I’ve wrestled with the USCCB Religious Liberty campaign for some time. I support its big-picture goals, but so much about its tone, argument, timing, and politics leaves me concerned. None of that seemed worth putting in a post.
Michael Moreland’s helpful, sympathetic engagement with ”Our First, Most Cherished Liberty,” in the current Commonweal, crystalized my concerns by highlighting the larger framework of Catholic understandings of religious freedom in a way that makes the silences and priorities of the document and the campaign stand out in starker contrast.
Moreland contrasts two views on the freedom of subsidiary institutions such as churches vis-à-vis the state. The Hobbesian tradition sees their rights as granted by self-imposed limits on the state, as in our Bill of Rights.
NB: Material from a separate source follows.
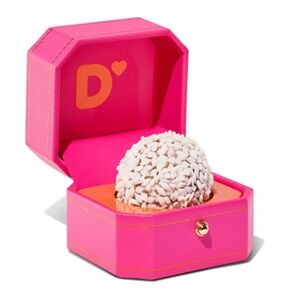 Dunkin' Pink “ring” box National Proposal Day Limited Edition Dunkin Donuts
In the understanding of Catholic social thought and political pluralists, such groups “exist independently of the state” and thus their freedom results not from “a concession on the part of the state but are the result of a genuine differentiation between the authority of the state and the authority of subsidiary institutions, even if the boundaries between these different jurisdictions is often confused and have to be worked out in a case by case basis.”
This Catholic view of subsidiary organizations is a principle I would like to see more widely applied. It is, alas, not the one that informs our fine Constitution. “Our First, Most Cherished Liberty,” glosses over this conflict. “To be Catholic and American should not mean having to choose one over the other.” “Should not” perhaps, but there are tensions that are, well, Constitutional.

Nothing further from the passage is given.